I’ve been interning at Zilliqa this summer, and I’ve been working on some cool things I’d like to share!
I’ve been working on PDT — the Persistence Data Transformer. Zilliqa has a lot of data on the blockchain, stored as key/value stores in some S3 buckets. This is called “persistence” and has a record of basically everything that has happened on chain. We can’t really query this data to get anything useful out of it, but we’d like to be able to do that! Getting useful statistics like transaction throughput, keep track of events and token transfers, ask questions like “who owns this NFT” or “what volume has this account traded” and other things both users and developers might want to know.
To make this happen we have to:
-
Download the persistence data
-
Transform it so it works with our database providers (BigQuery and Postgres)
-
Load it into the database
-
Extract some useful information out of it.
It’s not quite that easy though. Persistence archives are really big. Obviously. And each one of these steps involves sending things over the network; networks can fail or reconnect and it would be really annoying if we had to restart from the beginning every time. So we’ve built each of these things (extract, transform, load) to be incremental — if the program crashes or we lose connection, we can start where we left off.

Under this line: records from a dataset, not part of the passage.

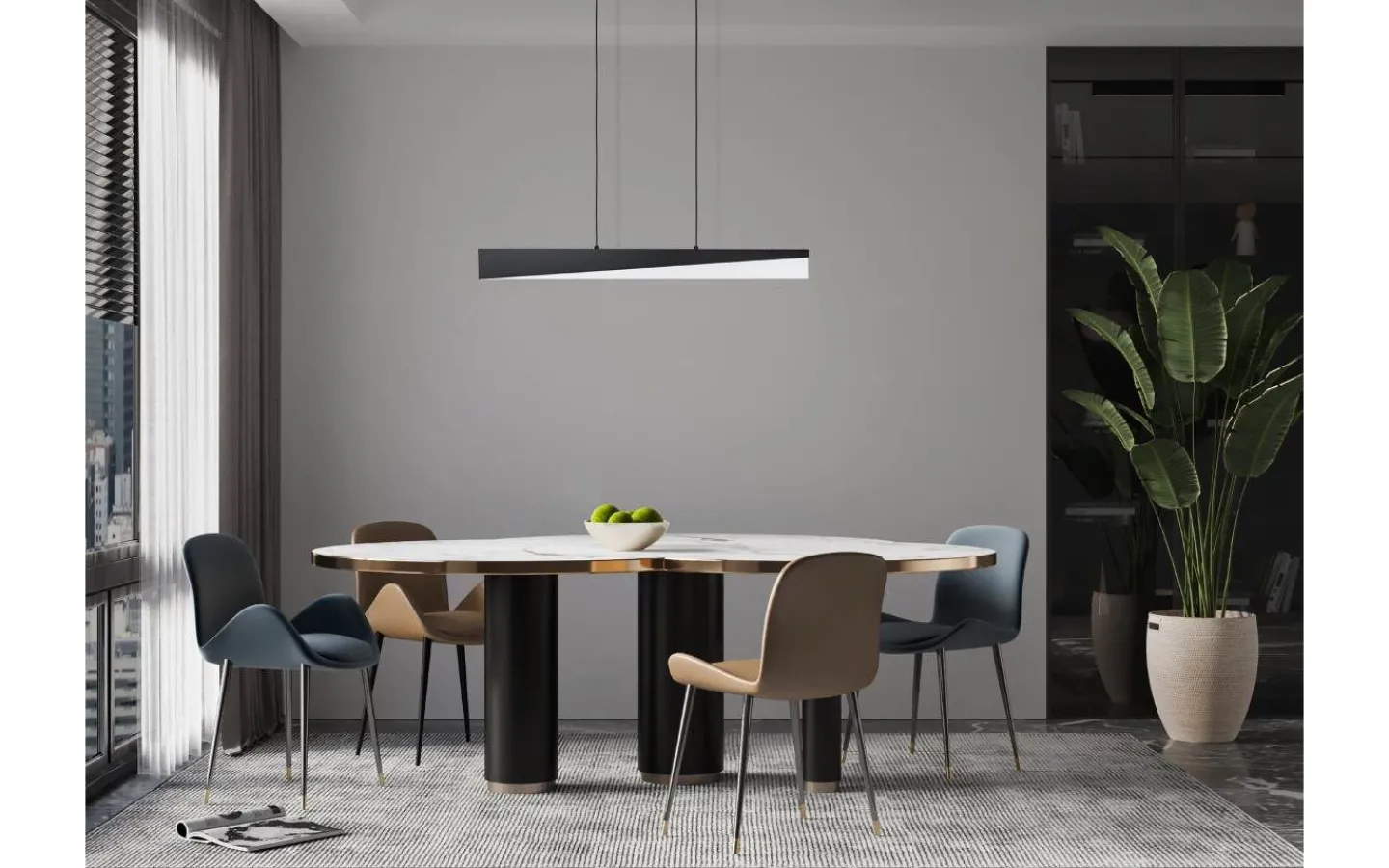 Eglo Isidro Taklampa LED 3000K 27W Svart* Avlånga Taklampor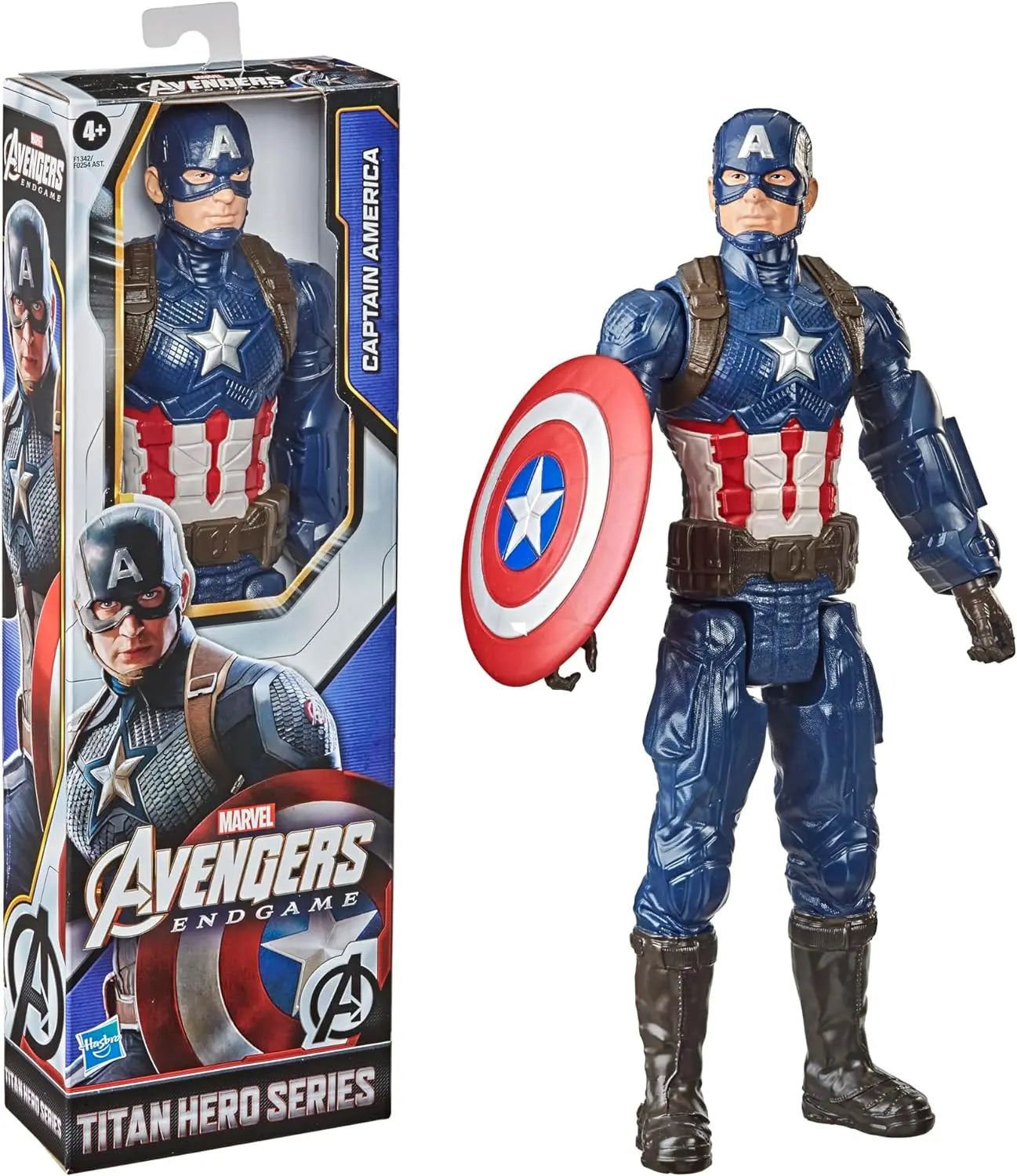 Figurines jouets Marvel Hasbro F1342 Titan Hero Series, Multicolore, Figurine à Collectionner Captain America de 30 cm, Jouet pour Enfants à partir de 4 Ans Avengers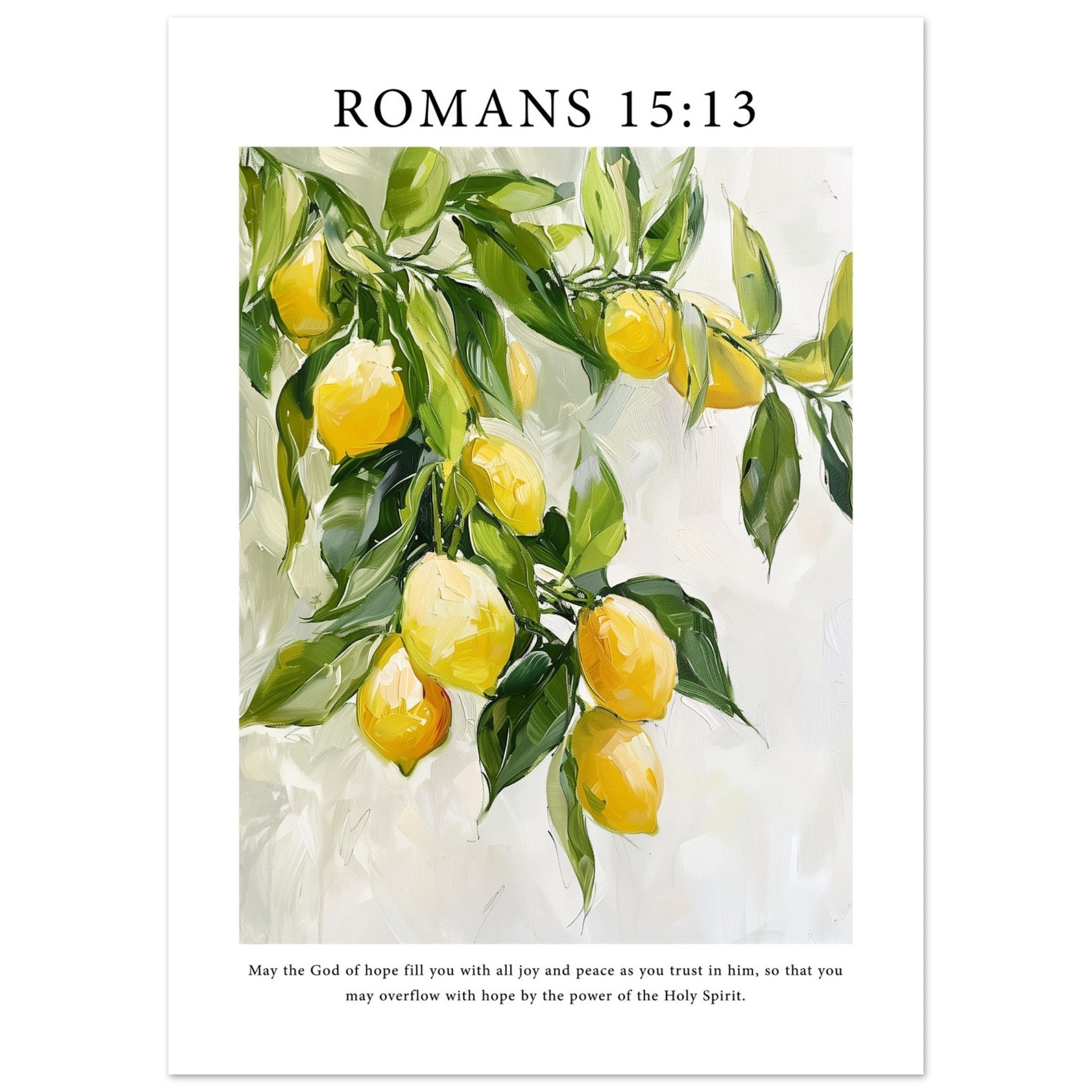 Romans 15:13 Print - The Christian Art Company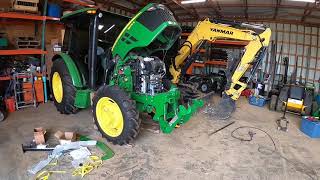 John Deere 5075E Zuidberg Install Front 3 Point [upl. by Sungam]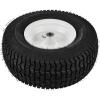 imageVEVOR Lawn Mower Tires 16x658 in Tubeless Tractor Tires with Rim 2 Pack Tire ampamp Wheel 3 in Offset Hub Turf Pneumatic Tires 34 in Bushing Size 16 PCS Adapters for Riding Mower Lawn TractorTubeless with Rim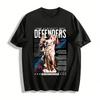 Vintage Angel Statue Print Cool Guardian Graphic T-Shirt Pure Cotton T-shirt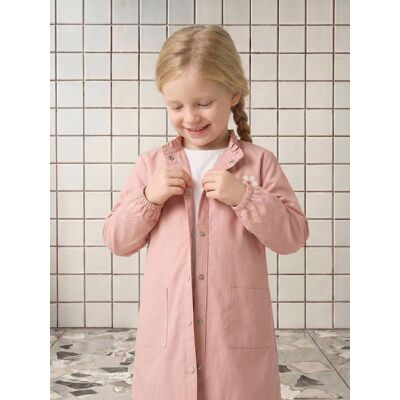 VERTBAUDET Bata con botones a presión personalizable para niña rosa maquillaje VERTBAUDET Bata con botones a presión personalizable para niña rosa maquillaje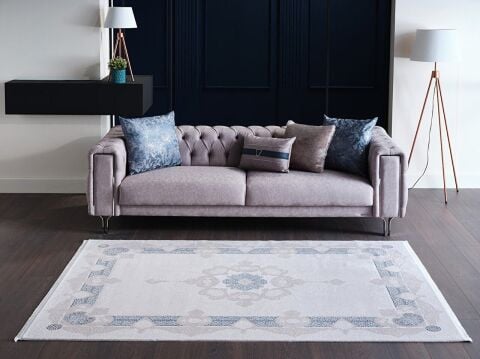 GÜMÜŞSUYU ESİLİVA 13919 HALI MAVİ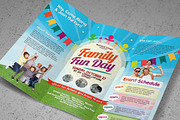 Family Fun Day Trifold Brochures, a Brochure Template by kinzi21 (Thumbnail 3 of 5)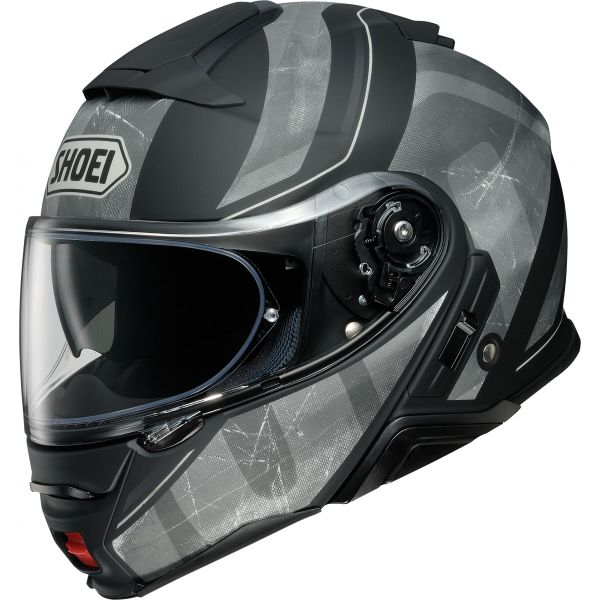 Flip up helmets SHOEI Moto Flip-Up Helmet Neotec-II Jaunt TC-5 Black/Grey Matt 2022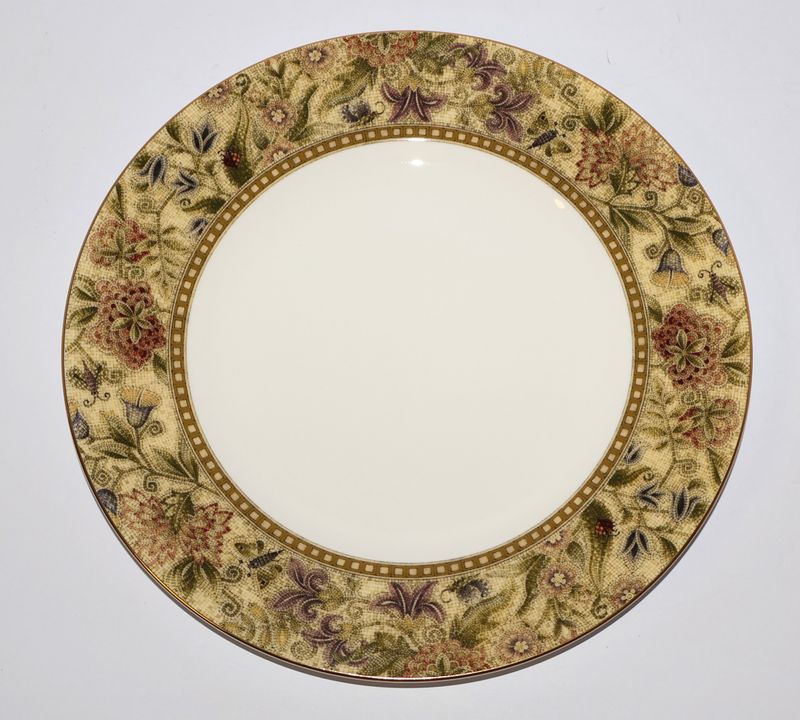 Wedgwood Floral Tapestry 8” Salad Plate | Multiple Plates Available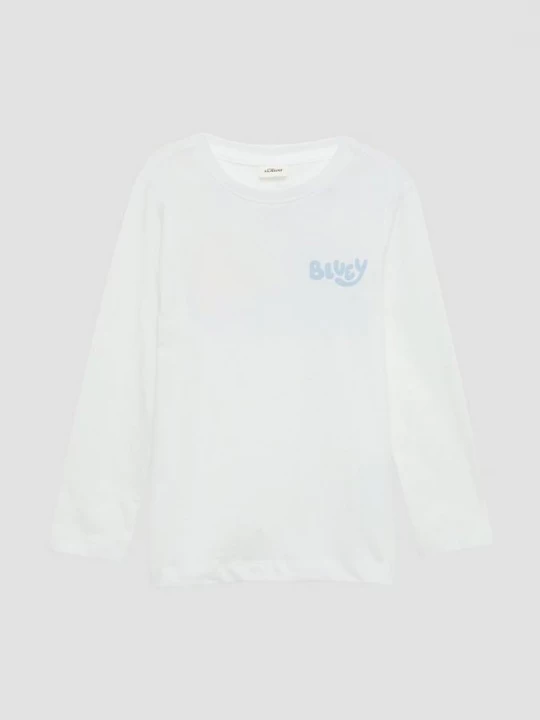 Foto van product Katoenen top met lange mouwen en Bluey® print s.Oliver wit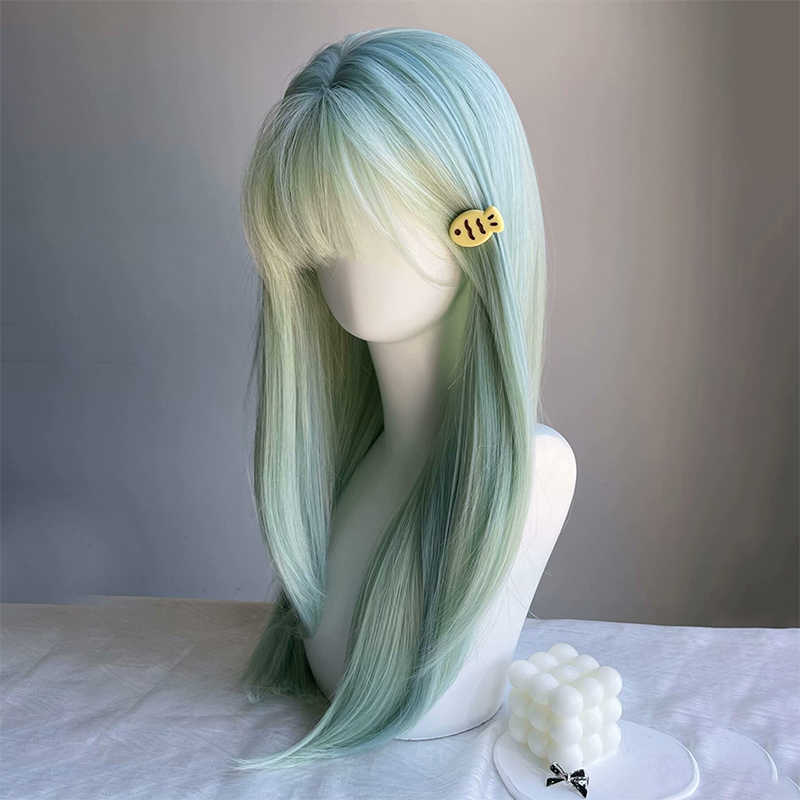 Mint Mambo Milk Green Straight Wig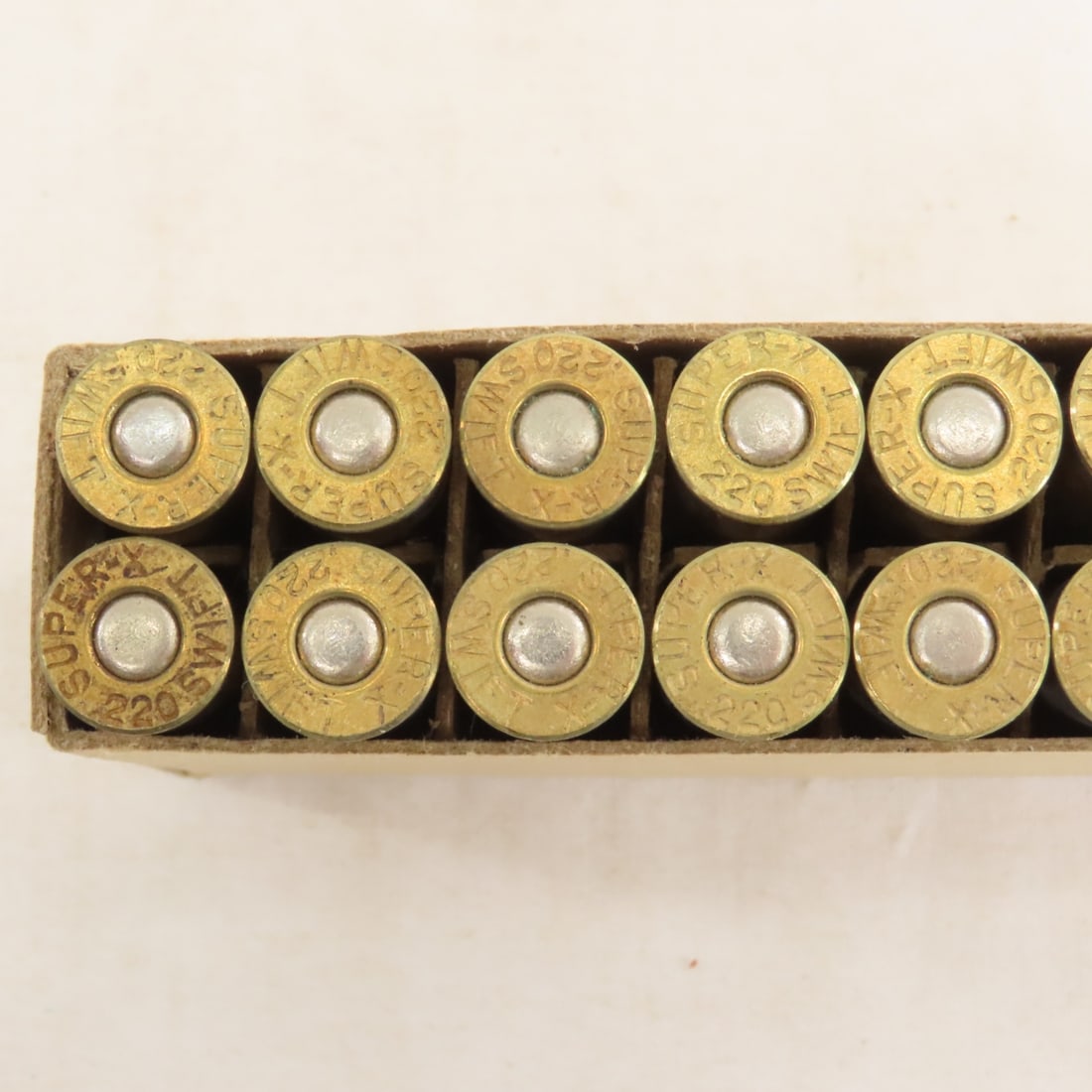 20 Rounds Vintage Western Super-X 220 Swift in box - 3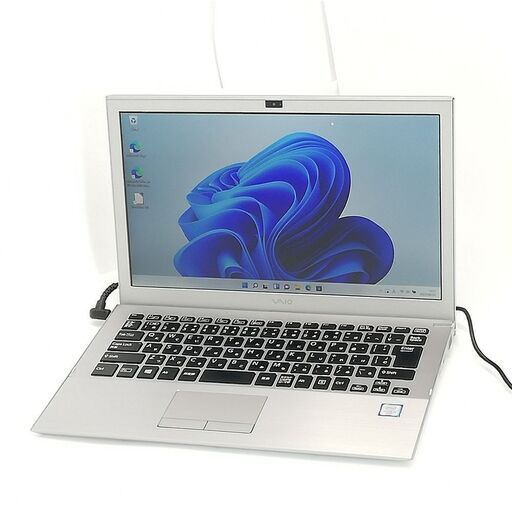 送料無料 高速SSD 13.3型 ノートパソコン SONY VJS131C11N 中古良品 第6世代Core i5 4GB 無線 Bluetooth Webカメラ Windows11 Office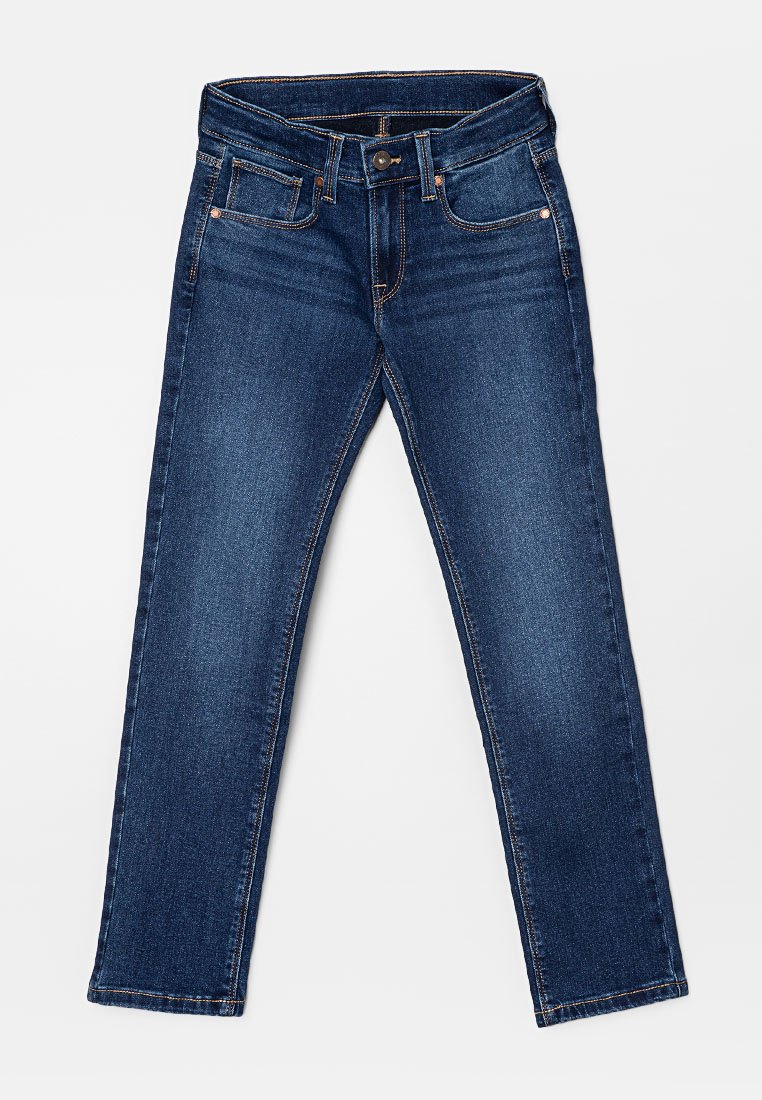 Pepe Jeans Slim fit jeans donkerblauw Pepe Jeans Slim fit jeans donkerblauw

Another consequence of having our work being network-bound is that we’ll be waiting for the network a lot. So we want everything to run concurrently so our cpu can get used while we’re waiting for the network.
My work was mostly working on steps 3 and 4, with a bit of 2. When i joined, we already had (1) working, and we had an implementation that imported everything into BigQuery courtesy of Richard Watts of the CTO.
Let’s go over how it works!
- Spin up N “threads” (really
tokio
tasks, but for our purposes they’re threads.) - As each thread:
- Find the starting point for my next batch of blocks
- Collect the microblocks and the associated transactions into their own vectors
- Take each vector, split it up so that our requests don’t trip bigquery’s size limit
- Serialize into json and send it to BigQuery
- Tell BigQuery we’ve imported this batch of blocks
- Repeat!
We’ll get much more into Rust concurrency stuff later… because it’s a joy to work with. Here we forget about most of it and just focus on making sure our threads don’t step on each other’s toes. We do this by pre-assigning them which ranges they’ll work on.
Let’s say we have a batch size of 100 blocks, and 5 threads. then we’ll divvy up our range of blocks into batches of 100 and thread will handle every -th batch.
[diagram]
this ensures no thread is stepping on another thread’s toes, and that we don’t have any missed blocks.
of course, if our program crashes, we have no guarantees about the state of our threads relative to each other — for all we know, thread 2 might have hit a range with a lot of transactions and gotten stuck while the other 4 threads raced ahead of it. say for example we run the program, and for whatever reason the user closes their laptop lid (i definitely didn’t do this). they first ran it with a batch size of 100, and when they restarted they decided to change the batch size to 200. that would mean this leftover batch
[diagram]
isn’t a full batch! we need a mechanism for keeping track of which thread got to where, and how to restart, and how to avoid duplicates. so, for each table we’re working with we’ll also have a “meta” table that’ll track what block ranges have been imported so far. whenever we import a set of blocks/transactions, we tell the meta table, and that way if we restart we’ll know what’s already been imported.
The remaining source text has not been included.